The human brain is a wonderful thing; at least some of them are. Each rider at the front of MotoGP is literally one in a billion; they feel things from their bikes and do things with their bikes that not only we, but most racers can’t.

During the Qatar weekend I watched several sessions out on track and Lorenzo was doing something that only one other rider was doing. While most riders treated Michelin’s front with a certain amount of nervous respect, especially through that tricky mid-lean moment as they turn into a corner, Lorenzo had completely understood the tyre and adapted his mind and body to get the most out of it.

Several riders have talked about how the Michelin front goes through a stage where it momentarily loses load and grip. One engineer puts it this way: the tyre has some nooks and crannies in the way it works. Only the best riders can find these nooks and crannies, then come up with a plan to get the best out of them.

A tyre is very different to a throttle, but let’s use a throttle as an analogy. Back in the days of two-stroke 500s, Honda’s NSR500 dominated for years, in part due to it’s superior throttle linearity. When the rider opened the throttle two per cent, he got two percent more torque, not 1.5 or 2.5 percent, so he could accelerate out of corners with total confidence and thus with more speed.

The Michelin front’s contact patch doesn’t seem to grow in a linear way as riders lean into corners, so the cleverest riders have worked out how to use the contact patch when it’s at its best.

In Qatar, Lorenzo rode into corners like everyone else, but just before the apex, after he had ridden through that tricky stage, he pushed deeper and leaned further to turn the bike harder. This seemed to be a crucial part of his speed. The only other rider I noticed doing this was Maverick Vinales.

Of course, one of the many great things about bike racing is that there’s usually more than one way to get around a problem. Marc Marquez spent much of winter testing trying to ride more smoothly to suit the Michelins, but the lap times didn’t come, so he reverted to his wild style, skating on the brink. Marquez is a fully paid-up member of the one-in-a-billion club, so he found the limit of the Michelin front and started skidding it into corners, using that sliding to help him cut more squared-off lines.

That is what’s so remarkable about these men. They can charge round a racetrack on the absolute limit of control, while their minds absorb everything that’s happening and their bodies move to deliver exactly the right amount of load to each tyre, to the brake levers and to the throttle.

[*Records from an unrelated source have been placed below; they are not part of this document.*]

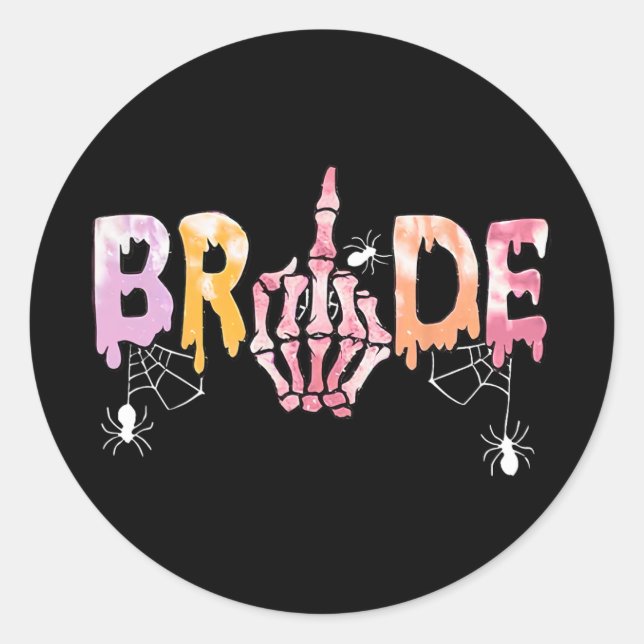 Gothic Wedding Spooky Halloween Skeleton Bride Jus Classic Round Sticker (Front)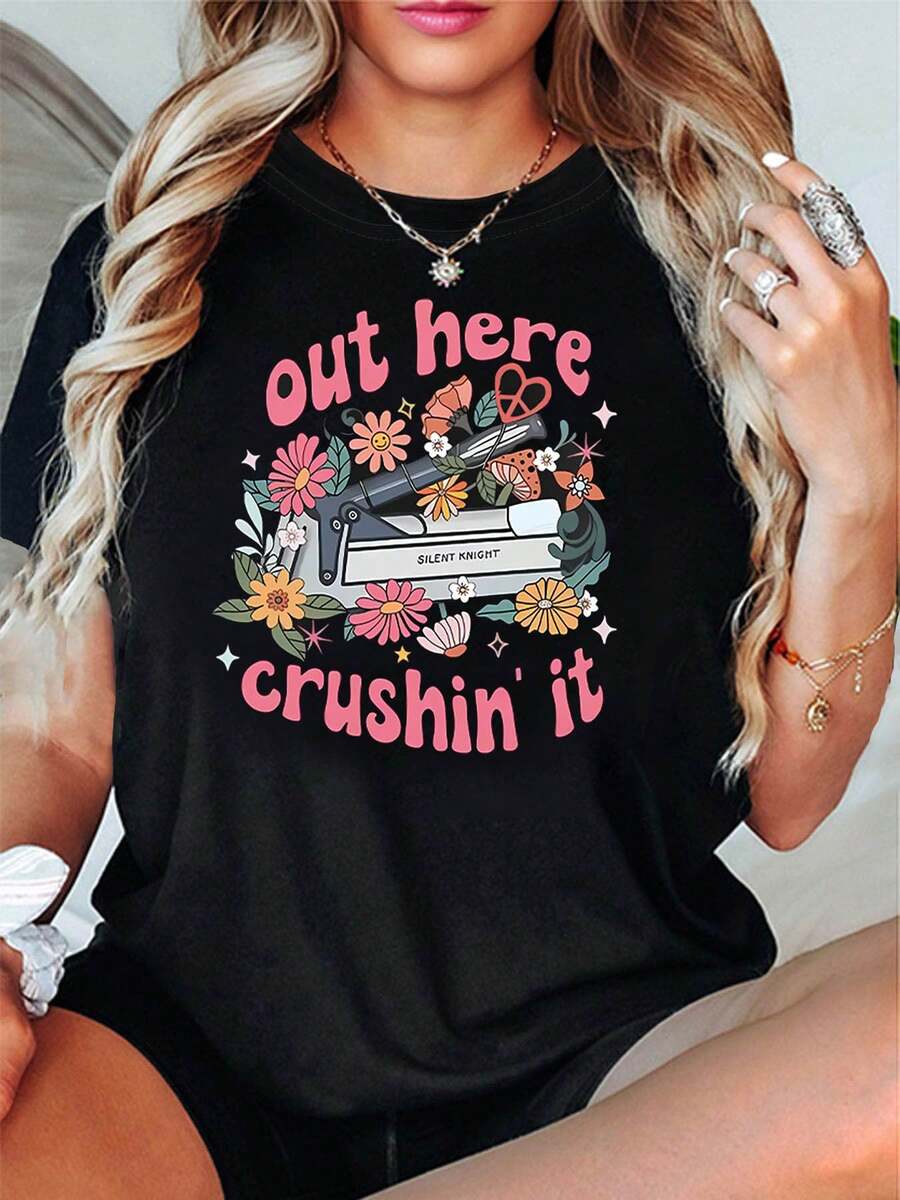 Women's Tops, Women's T-Shirts, Mother's Day, Casual Blouses For Women, Women's Tops, 2000s Style. This Women's T-Shirt Features A Floral Print, Perfect For The Office, Commuting, Or Creative Activities. It Has A Retro And Energetic Style With Short Sleeves, Ideal For A Professional Setting. - 黑色 - 查看 1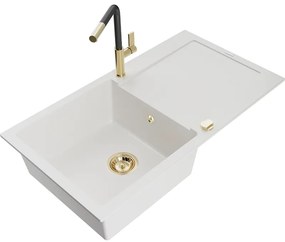 Mexen Leo, 1-komorový granitový drez 900x500x190 mm a drezová batéria Flora, biela, 6501-20-670401-57-G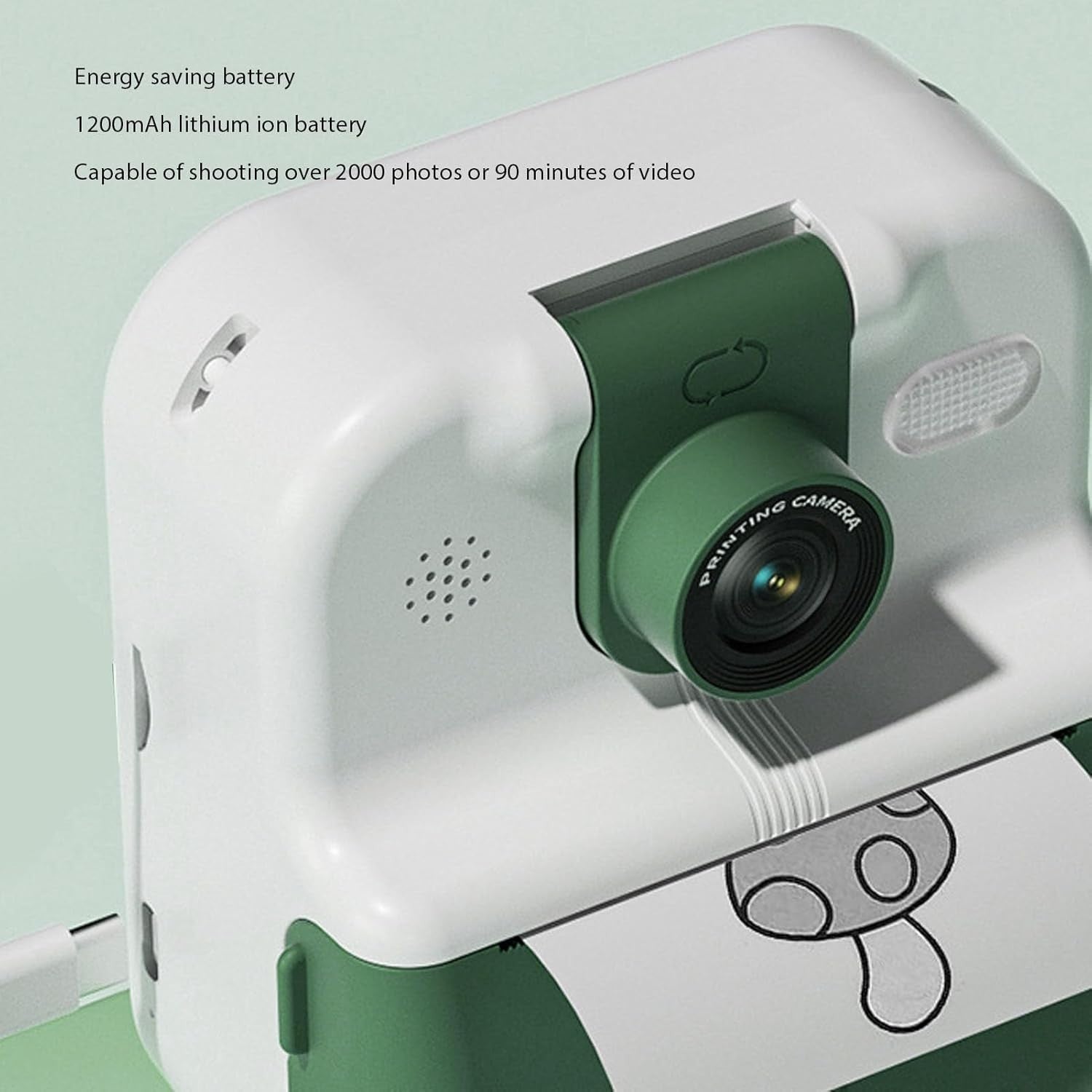 48MP Instant Print Camera 1080P HD Video Rotating Lens App Printing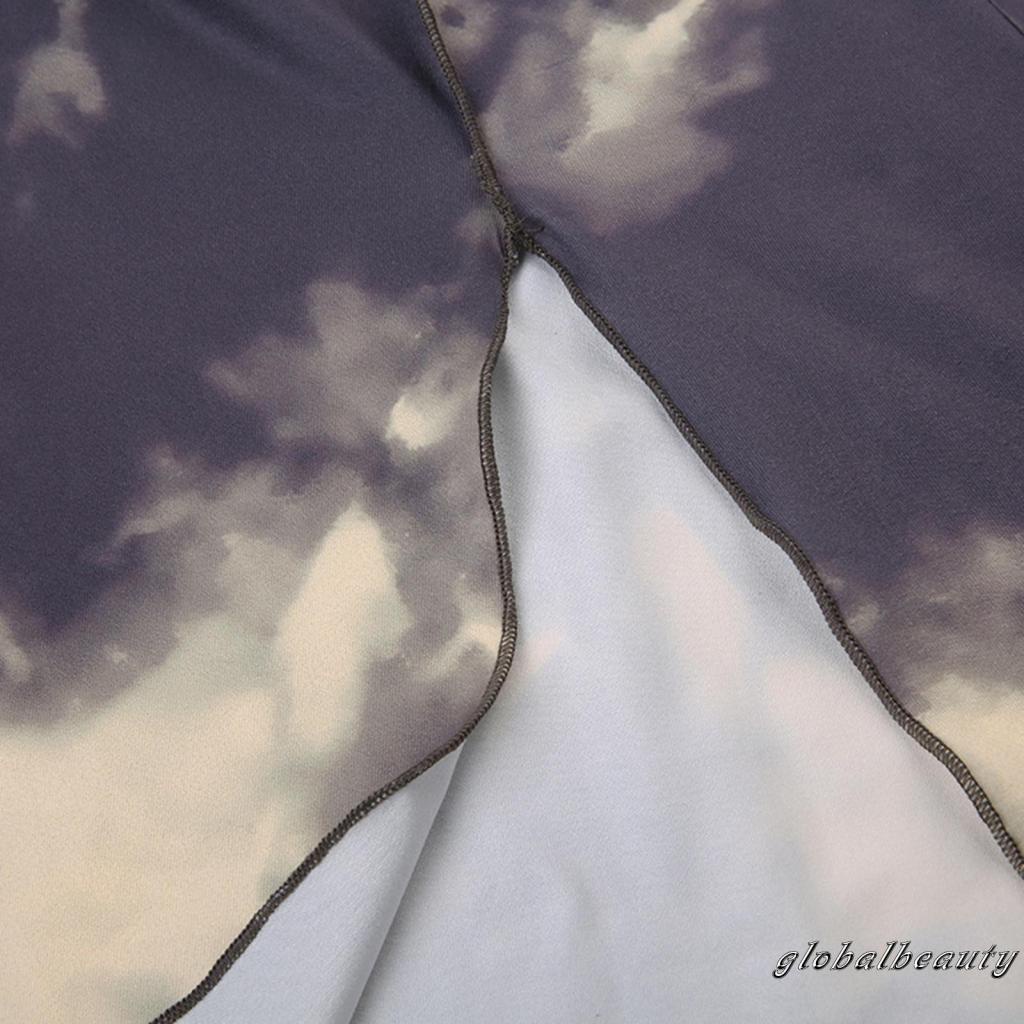 Đầm Dài Không Tay Màu Nhuộm Họa Tiết Thời Trang Mùa Hè Cho Nữ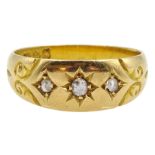 Edwardian 18ct gold gypsy set three stone diamond ring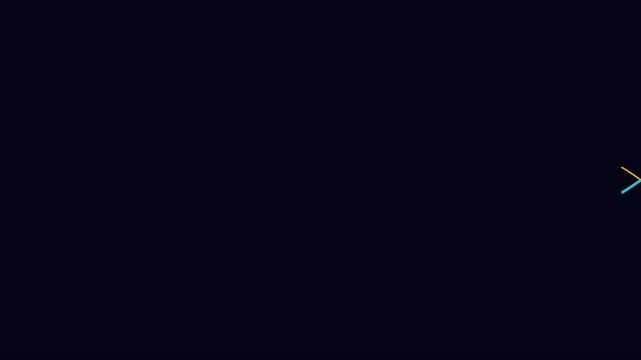 Minimalist abstract geometric line animation with intersecting cyan and orange on dark 4k background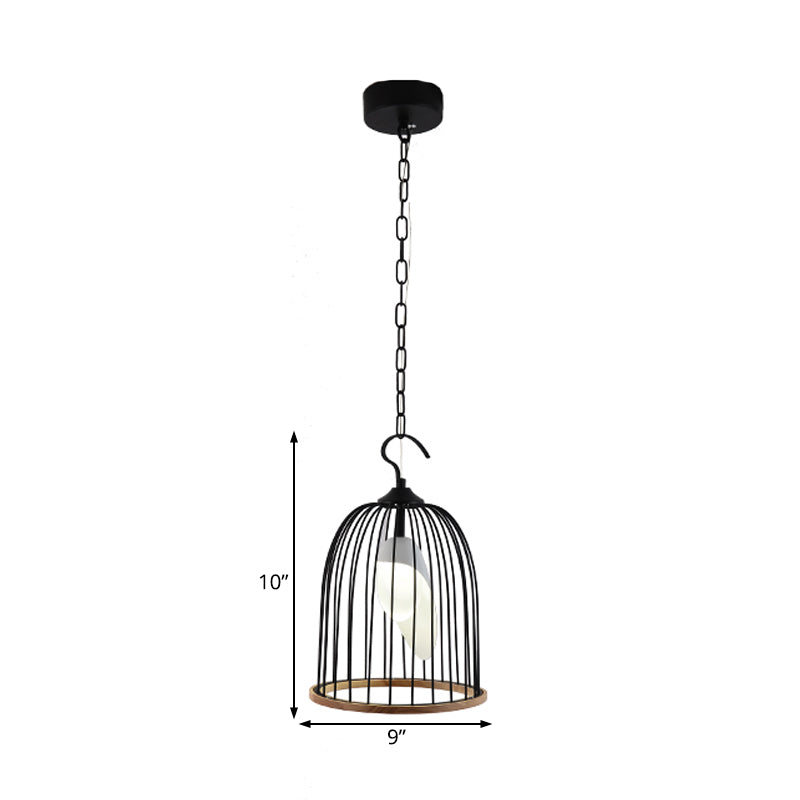 Black Bird Cage Hanging Lamp Modern 1 Head Metal Ceiling Pendant Light for Living Room
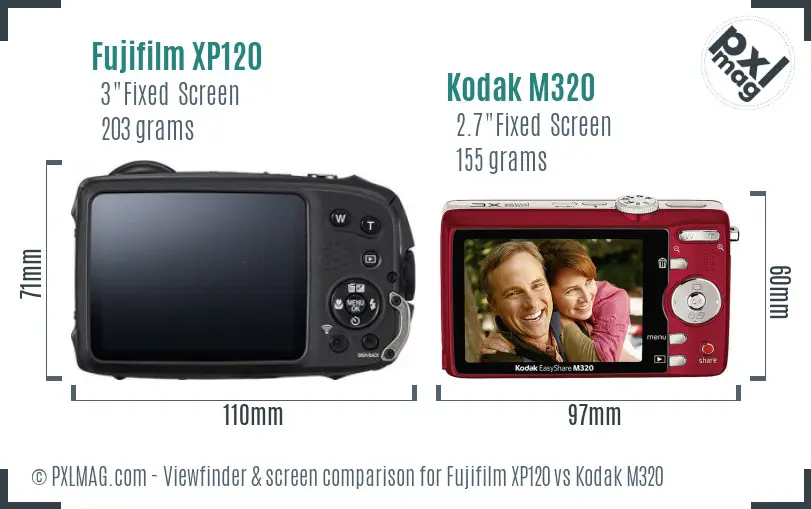 Fujifilm XP120 vs Kodak M320 Screen and Viewfinder comparison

Another engineer told me about his rider accelerating out of one Losail corner, changing direction and then diving into the next. During that process of rolling from one side to the other while on the throttle, the rider could feel the front contact patch shrink, then momentarily grow again, before reducing again. The rider felt this tiny difference, which most of us wouldn’t even notice, understood what was happening and then worked out how to use the moment to his advantage, by getting back on the throttle for a millisecond before backing off again. His engineer reckoned this process gained him at most one or two feet over his rivals.

That is the kind of advantage that MotoGP riders are hunting: they’re not so much chasing tenths or even hundredths as they are thousandths.

And the race turned out to be seven seconds faster than last year’s, despite tyres and lower-tech electronics which had never been used in anger.